__PROBLEM STATEMENT__:
In your transcription, keep every record exact and leave out the pictures.

__MATERIAL FOR THIS TASK__:
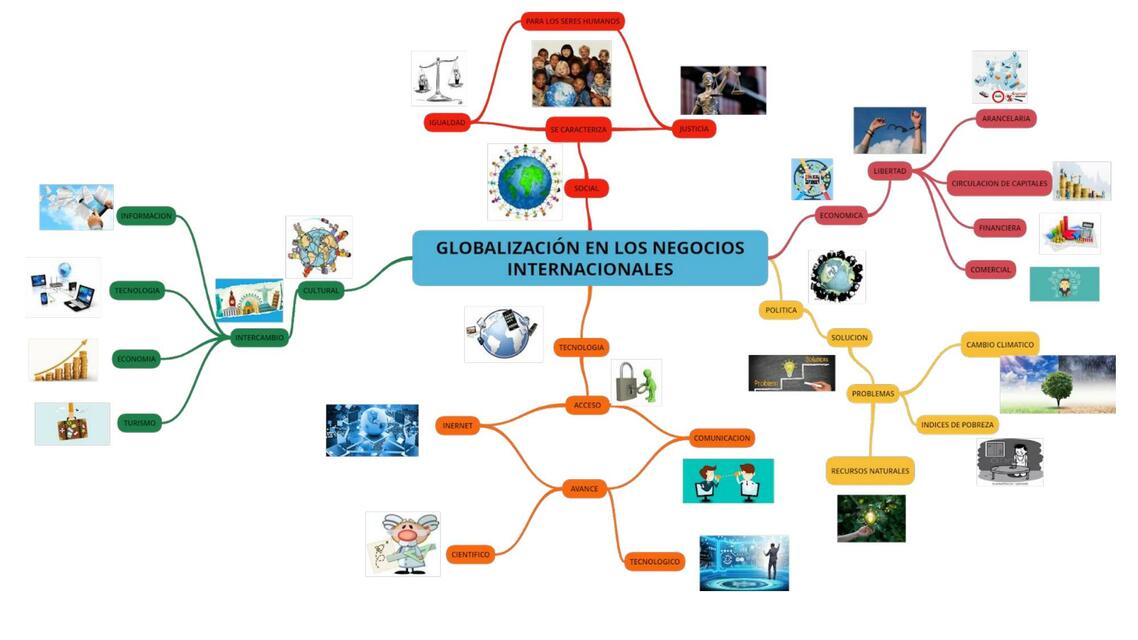 Mapa mental de la economía | uDocz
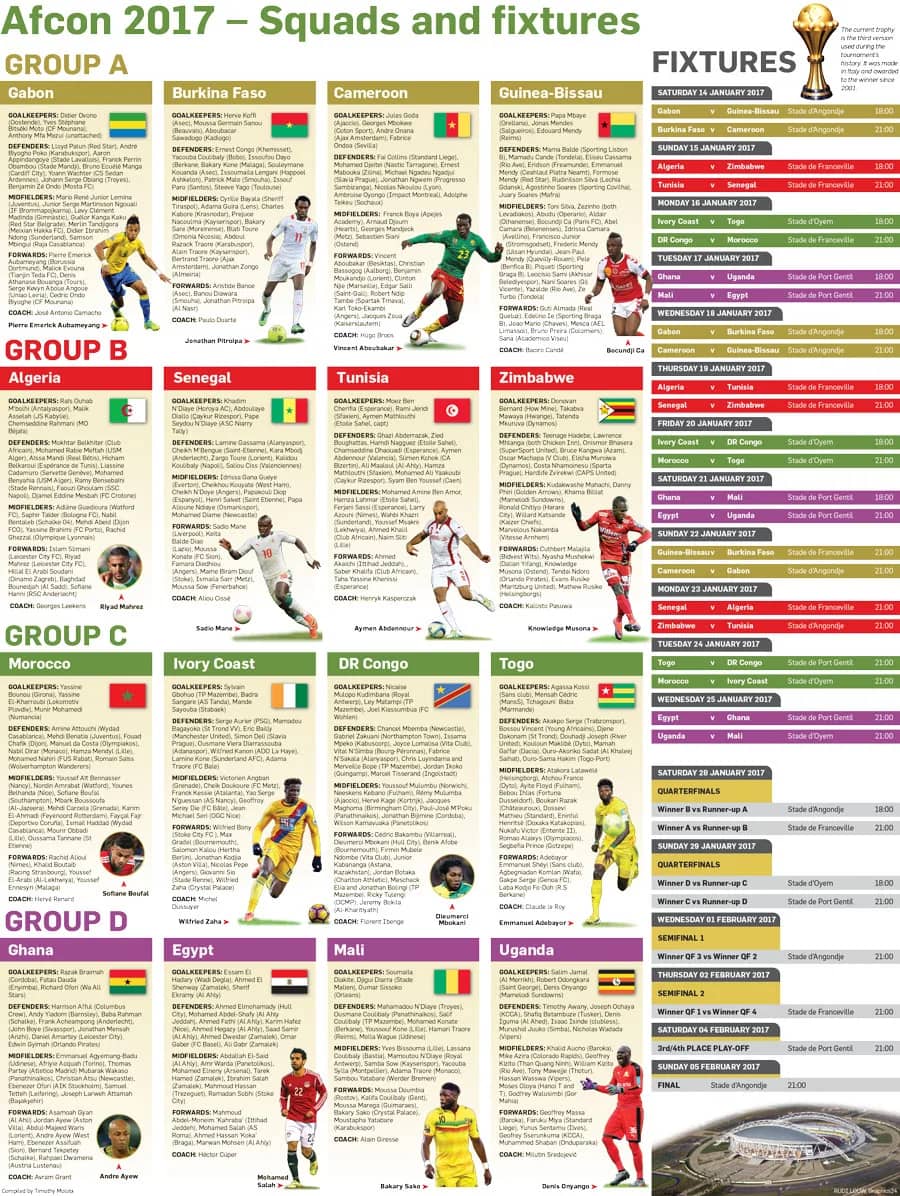 Infographic: Afcon 2017 squads and fixtures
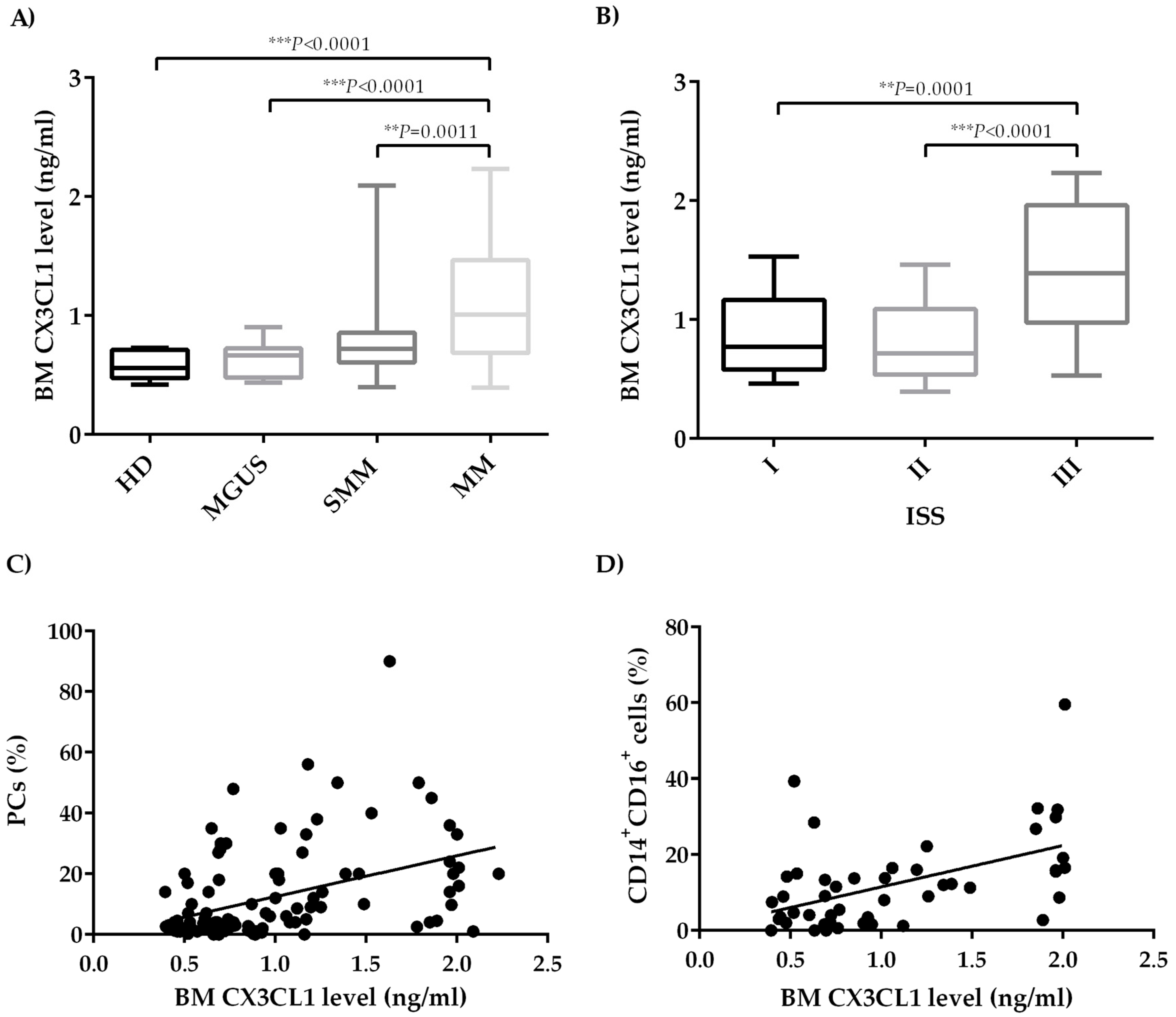 Cancers 11 00321 g001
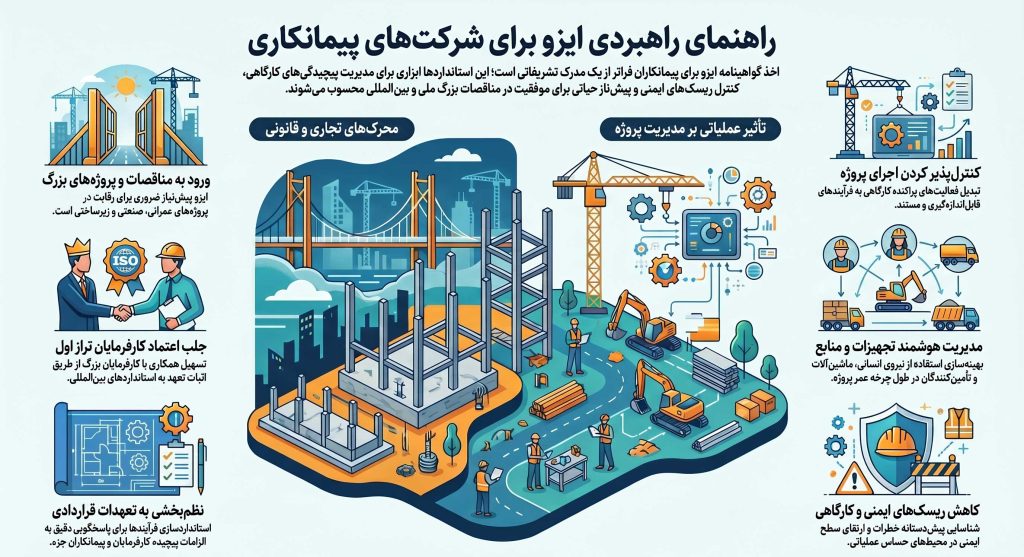 راهنمای_راهبردی_ایزو_برای_پیمانکاران اخذ گواهینامه ایزو در شرکتهای پیمانکاری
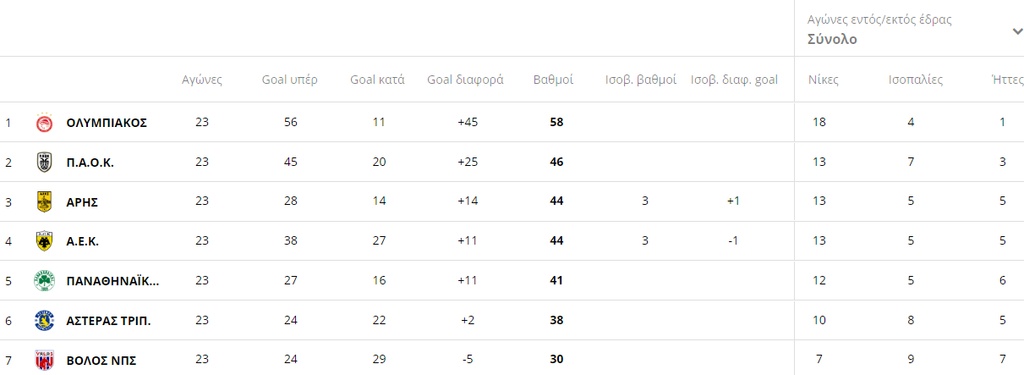Super League: Η βαθμολογία μετά την αυτοκτονία του Παναθηναϊκού με τον Παναιτωλικό (photos)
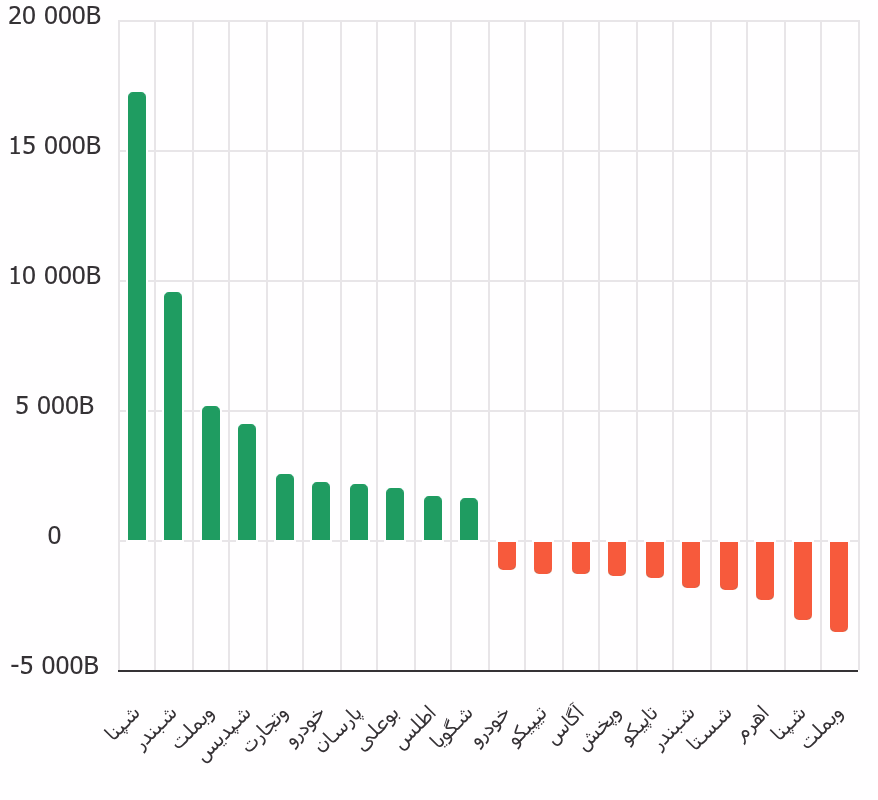 chart (4).png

__REPLY__:
 Mapa mental de la economía | uDocz
 Infographic: Afcon 2017 squads and fixtures
 Cancers 11 00321 g001
 راهنمای_راهبردی_ایزو_برای_پیمانکاران اخذ گواهینامه ایزو در شرکتهای پیمانکاری
Super League: Η βαθμολογία μετά την αυτοκτονία του Παναθηναϊκού με τον Παναιτωλικό (photos)
 chart (4).png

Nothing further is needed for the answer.